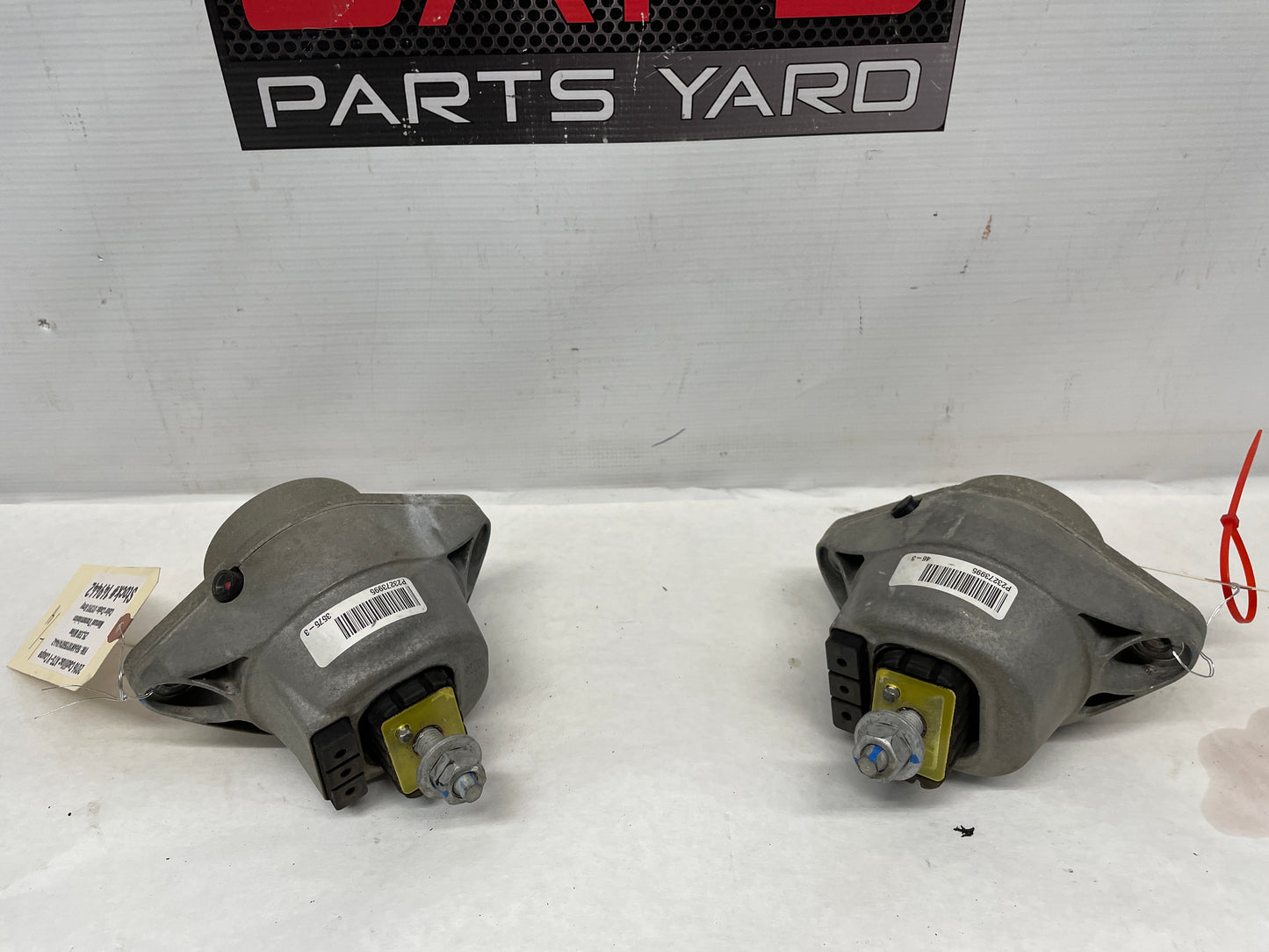 2016 Cadillac ATS-V Coupe Engine Motor Mount Set OEM - Day's Parts Yard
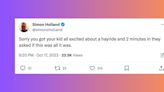 The Funniest Tweets From Parents This Week (Oct. 14-20)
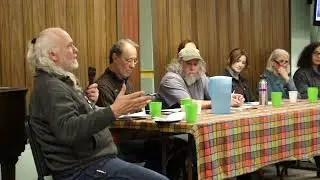 Rumble on the River: a Community Forum on Zenith Energy and the CEI Hub in Portland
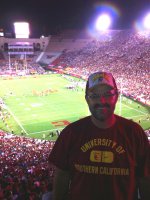USC Trojans vs. Washington State Cougars - Armed Forces Game -  NCAA Football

———

Extract the full listing exactly, with the pictures left out.

 2016 Cadillac ATS-V Coupe Engine Motor Mount Set OEM - Day's Parts Yard
 The Funniest Tweets From Parents This Week (Oct. 14-20)
 Rumble on the River: a Community Forum on Zenith Energy and the CEI Hub in Portland
USC Trojans vs. Washington State Cougars - Armed Forces Game -  NCAA Football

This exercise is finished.